### Work instructions
What you return should be each line of the data containing the string "bowl".

Records from a dataset:
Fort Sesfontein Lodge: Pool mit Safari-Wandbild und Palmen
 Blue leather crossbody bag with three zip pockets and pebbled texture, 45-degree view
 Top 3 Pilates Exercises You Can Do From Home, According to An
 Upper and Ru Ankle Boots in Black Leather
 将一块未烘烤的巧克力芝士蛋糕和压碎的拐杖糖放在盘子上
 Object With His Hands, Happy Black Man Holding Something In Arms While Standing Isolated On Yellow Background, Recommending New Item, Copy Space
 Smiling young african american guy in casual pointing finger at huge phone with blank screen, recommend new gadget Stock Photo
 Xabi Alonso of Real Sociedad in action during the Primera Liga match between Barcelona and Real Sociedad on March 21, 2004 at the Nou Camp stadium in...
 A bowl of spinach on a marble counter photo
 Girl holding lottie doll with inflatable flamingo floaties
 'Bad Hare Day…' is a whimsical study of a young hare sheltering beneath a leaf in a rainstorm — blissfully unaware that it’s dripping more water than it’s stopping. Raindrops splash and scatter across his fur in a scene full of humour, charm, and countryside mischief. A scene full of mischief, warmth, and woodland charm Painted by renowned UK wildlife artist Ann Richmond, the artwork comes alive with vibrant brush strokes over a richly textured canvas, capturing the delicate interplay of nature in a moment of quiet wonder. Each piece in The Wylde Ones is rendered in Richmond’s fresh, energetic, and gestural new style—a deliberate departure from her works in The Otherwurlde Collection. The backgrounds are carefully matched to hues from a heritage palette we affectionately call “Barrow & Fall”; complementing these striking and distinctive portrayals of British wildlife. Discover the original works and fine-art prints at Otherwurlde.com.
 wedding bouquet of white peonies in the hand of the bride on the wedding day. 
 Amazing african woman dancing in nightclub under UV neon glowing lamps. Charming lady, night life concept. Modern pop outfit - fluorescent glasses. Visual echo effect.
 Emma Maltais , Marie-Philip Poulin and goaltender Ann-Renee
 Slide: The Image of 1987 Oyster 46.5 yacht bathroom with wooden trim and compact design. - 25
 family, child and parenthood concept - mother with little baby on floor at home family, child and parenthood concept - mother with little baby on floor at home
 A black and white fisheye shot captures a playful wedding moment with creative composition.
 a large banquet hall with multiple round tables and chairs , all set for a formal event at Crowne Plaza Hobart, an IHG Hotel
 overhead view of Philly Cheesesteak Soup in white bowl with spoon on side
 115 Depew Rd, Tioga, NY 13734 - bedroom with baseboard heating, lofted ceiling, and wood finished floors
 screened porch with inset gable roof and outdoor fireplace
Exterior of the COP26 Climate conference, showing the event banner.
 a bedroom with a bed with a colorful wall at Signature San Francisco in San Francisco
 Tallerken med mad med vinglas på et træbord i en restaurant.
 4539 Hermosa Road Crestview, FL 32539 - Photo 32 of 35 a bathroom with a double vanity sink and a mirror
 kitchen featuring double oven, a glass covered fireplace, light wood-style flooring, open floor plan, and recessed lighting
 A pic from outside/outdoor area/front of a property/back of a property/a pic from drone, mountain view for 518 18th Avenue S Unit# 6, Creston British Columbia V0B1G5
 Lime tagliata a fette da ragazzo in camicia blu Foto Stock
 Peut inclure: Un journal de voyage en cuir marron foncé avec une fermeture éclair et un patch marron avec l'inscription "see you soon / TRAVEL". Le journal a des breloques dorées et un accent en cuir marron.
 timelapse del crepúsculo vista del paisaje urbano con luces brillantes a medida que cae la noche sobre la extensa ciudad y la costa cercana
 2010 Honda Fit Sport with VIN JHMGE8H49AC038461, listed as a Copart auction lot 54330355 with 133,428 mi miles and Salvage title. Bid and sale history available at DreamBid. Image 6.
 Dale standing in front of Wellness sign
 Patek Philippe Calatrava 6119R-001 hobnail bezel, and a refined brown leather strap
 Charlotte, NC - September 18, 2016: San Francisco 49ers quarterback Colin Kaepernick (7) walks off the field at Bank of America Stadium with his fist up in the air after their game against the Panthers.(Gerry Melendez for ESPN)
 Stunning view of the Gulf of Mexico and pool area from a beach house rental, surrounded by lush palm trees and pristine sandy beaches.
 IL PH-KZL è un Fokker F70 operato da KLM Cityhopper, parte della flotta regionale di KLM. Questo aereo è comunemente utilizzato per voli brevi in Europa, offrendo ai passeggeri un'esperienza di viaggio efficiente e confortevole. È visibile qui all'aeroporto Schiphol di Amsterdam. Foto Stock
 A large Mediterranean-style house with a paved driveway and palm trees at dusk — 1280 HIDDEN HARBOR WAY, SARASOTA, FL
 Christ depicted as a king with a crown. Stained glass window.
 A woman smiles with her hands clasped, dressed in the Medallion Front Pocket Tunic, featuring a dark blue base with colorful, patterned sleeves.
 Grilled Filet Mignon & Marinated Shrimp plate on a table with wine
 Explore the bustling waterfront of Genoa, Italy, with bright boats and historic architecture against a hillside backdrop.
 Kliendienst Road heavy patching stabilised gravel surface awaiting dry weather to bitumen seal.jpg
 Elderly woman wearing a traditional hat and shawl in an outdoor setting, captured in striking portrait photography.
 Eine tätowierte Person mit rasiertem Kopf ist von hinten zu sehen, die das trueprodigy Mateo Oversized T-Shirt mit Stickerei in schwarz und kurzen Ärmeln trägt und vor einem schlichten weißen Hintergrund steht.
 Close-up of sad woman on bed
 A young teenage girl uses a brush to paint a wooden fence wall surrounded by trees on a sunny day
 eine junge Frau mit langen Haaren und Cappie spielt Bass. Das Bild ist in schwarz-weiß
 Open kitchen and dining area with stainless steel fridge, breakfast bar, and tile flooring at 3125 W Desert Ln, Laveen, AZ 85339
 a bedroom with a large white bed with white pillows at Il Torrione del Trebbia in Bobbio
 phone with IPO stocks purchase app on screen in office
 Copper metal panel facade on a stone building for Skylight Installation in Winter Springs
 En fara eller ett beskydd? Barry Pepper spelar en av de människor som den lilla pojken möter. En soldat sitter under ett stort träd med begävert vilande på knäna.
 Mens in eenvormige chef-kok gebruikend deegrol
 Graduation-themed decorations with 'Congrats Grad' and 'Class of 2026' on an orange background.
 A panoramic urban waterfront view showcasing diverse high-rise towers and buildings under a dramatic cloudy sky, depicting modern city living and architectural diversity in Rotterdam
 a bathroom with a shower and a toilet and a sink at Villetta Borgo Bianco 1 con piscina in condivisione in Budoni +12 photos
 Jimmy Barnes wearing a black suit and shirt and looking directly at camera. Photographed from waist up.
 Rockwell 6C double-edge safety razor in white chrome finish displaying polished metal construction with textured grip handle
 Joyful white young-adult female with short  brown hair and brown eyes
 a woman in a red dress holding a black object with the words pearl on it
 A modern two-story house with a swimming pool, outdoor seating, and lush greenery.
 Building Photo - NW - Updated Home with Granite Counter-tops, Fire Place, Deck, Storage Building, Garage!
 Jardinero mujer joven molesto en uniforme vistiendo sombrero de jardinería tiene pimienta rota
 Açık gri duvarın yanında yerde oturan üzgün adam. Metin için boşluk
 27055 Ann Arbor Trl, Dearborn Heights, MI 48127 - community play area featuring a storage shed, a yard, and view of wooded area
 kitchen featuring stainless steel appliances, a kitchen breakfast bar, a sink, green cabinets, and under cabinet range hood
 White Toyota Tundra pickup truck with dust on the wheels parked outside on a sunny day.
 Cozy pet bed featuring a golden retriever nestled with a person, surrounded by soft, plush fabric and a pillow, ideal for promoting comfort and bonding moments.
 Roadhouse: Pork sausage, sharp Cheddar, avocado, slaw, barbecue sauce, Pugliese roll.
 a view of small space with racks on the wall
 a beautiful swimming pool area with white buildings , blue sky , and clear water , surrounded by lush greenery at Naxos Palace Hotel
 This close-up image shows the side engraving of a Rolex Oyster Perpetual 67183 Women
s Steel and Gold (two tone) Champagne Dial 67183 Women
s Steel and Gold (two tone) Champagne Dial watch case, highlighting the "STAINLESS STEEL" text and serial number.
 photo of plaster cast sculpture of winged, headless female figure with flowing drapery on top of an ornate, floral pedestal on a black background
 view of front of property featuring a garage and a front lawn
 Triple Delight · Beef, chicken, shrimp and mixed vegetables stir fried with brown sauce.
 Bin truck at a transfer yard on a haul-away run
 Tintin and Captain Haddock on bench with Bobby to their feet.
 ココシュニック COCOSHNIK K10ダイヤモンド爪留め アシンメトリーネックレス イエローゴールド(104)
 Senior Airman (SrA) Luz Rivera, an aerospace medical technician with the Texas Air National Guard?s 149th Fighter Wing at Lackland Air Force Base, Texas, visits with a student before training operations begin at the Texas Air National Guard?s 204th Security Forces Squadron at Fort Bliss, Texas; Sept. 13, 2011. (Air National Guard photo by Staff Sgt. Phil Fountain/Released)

### Exercise solution
 A bowl of spinach on a marble counter photo
 overhead view of Philly Cheesesteak Soup in white bowl with spoon on side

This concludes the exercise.